* **TASK OBJECTIVE**:
For this exercise, output exactly and only the lines running from the one with "Preorder! Closes 1/6." through the final line of the data below, without pictures.

(SOURCE MATERIAL)

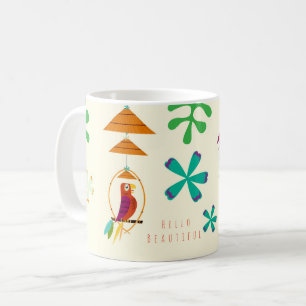 Caneca De Café Pássaros Tiki Arte Vintage Retrô Personalizada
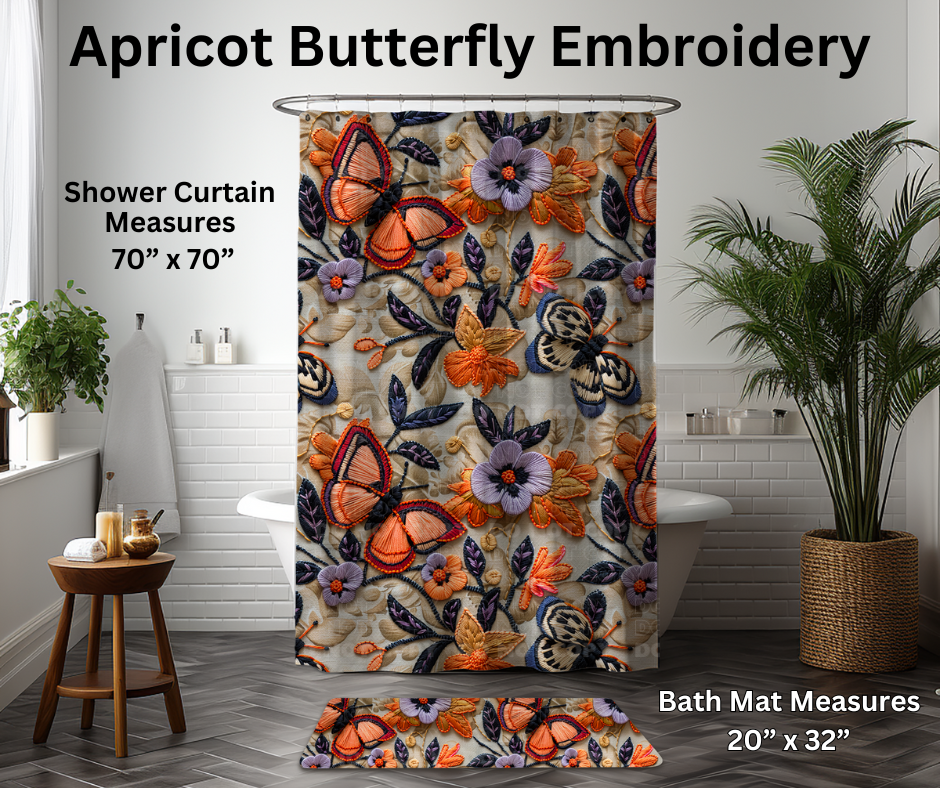 Preorder! Closes 1/6. ETA March. Apricot Butterfly Embroidery Custom Shower Curtain and/or Bath Mat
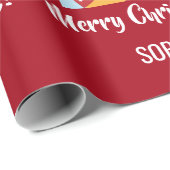 Merry Christmas Rudolph Reindeer Personalize Name Geschenkpapier (Rolleneckpunkt)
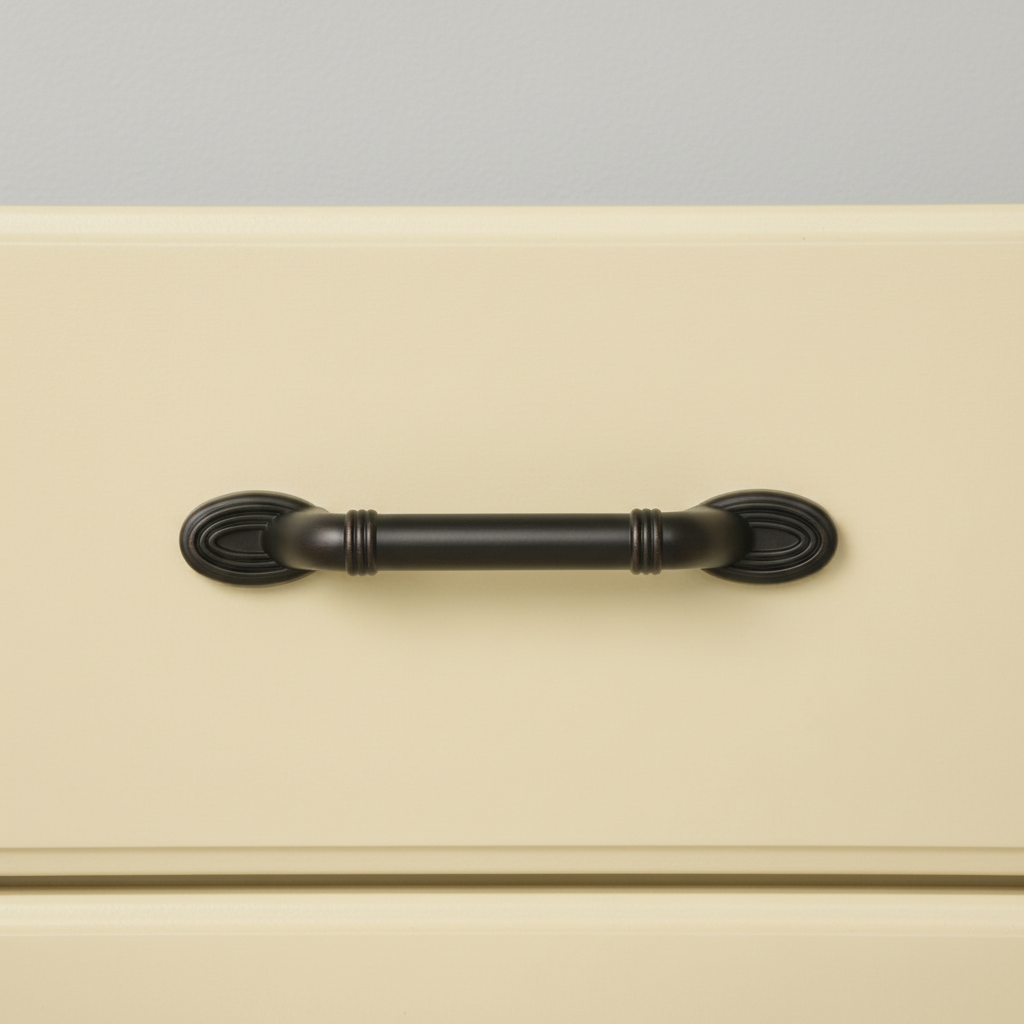 Oil rubbed bronze drawer pull with decorative lines engraving on a yellow drawer 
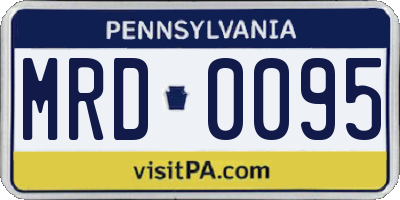 PA license plate MRD0095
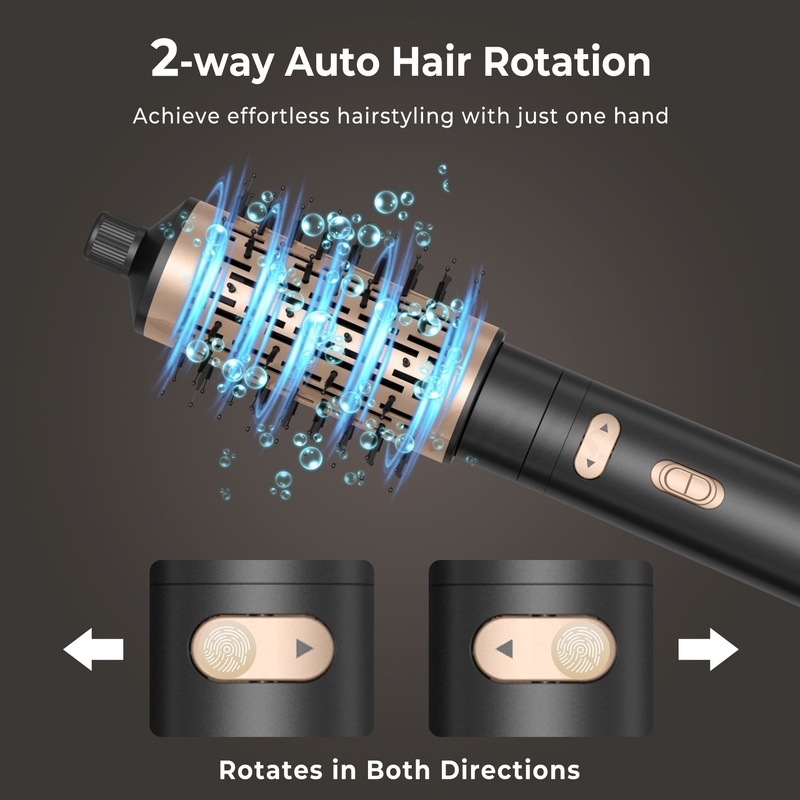 Secador de cabelo escova 6 em 1 Hair Styler Tecnologia iônica de prata Multi Styler de secagem rápida para cabelo liso e encaracolado
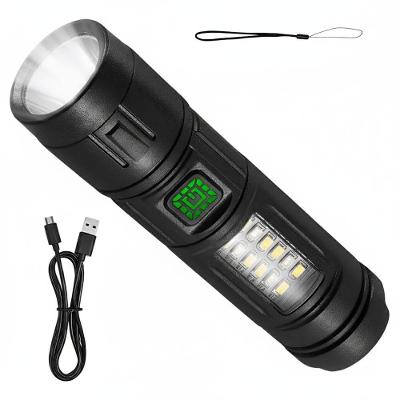 Lanterna Recarregável Luz Lateral LED Alta Potência Zoom 5 Modos Camping Pesca Portátil Utimix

(End SOURCE MATERIAL)

* **RESPONSE**:
 Preorder! Closes 1/6. ETA March. Apricot Butterfly Embroidery Custom Shower Curtain and/or Bath Mat
 Merry Christmas Rudolph Reindeer Personalize Name Geschenkpapier (Rolleneckpunkt)
 Oil rubbed bronze drawer pull with decorative lines engraving on a yellow drawer 
 PA license plate MRD0095
 Secador de cabelo escova 6 em 1 Hair Styler Tecnologia iônica de prata Multi Styler de secagem rápida para cabelo liso e encaracolado
 Lanterna Recarregável Luz Lateral LED Alta Potência Zoom 5 Modos Camping Pesca Portátil Utimix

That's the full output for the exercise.